» INFORMATION GIVEN
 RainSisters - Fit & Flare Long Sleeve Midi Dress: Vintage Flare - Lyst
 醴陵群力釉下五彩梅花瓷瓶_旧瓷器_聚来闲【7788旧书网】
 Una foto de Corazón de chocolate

--

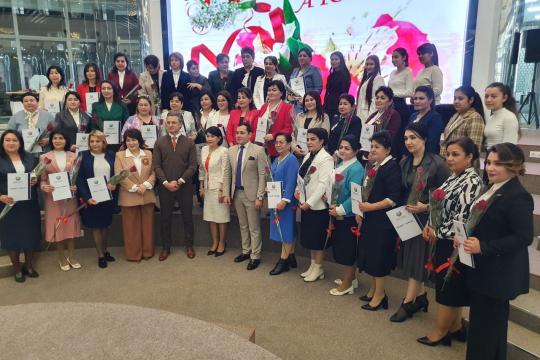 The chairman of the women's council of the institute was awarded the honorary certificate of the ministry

» WHAT IS EXPECTED
With the line holding "RainSisters - Fit" as the first and the line holding "Una foto de Corazón de chocolate" as the last, please transcribe exactly the lines of the material above in that range and nothing else.

» WRITTEN SOLUTION
 RainSisters - Fit & Flare Long Sleeve Midi Dress: Vintage Flare - Lyst
 醴陵群力釉下五彩梅花瓷瓶_旧瓷器_聚来闲【7788旧书网】
 Una foto de Corazón de chocolate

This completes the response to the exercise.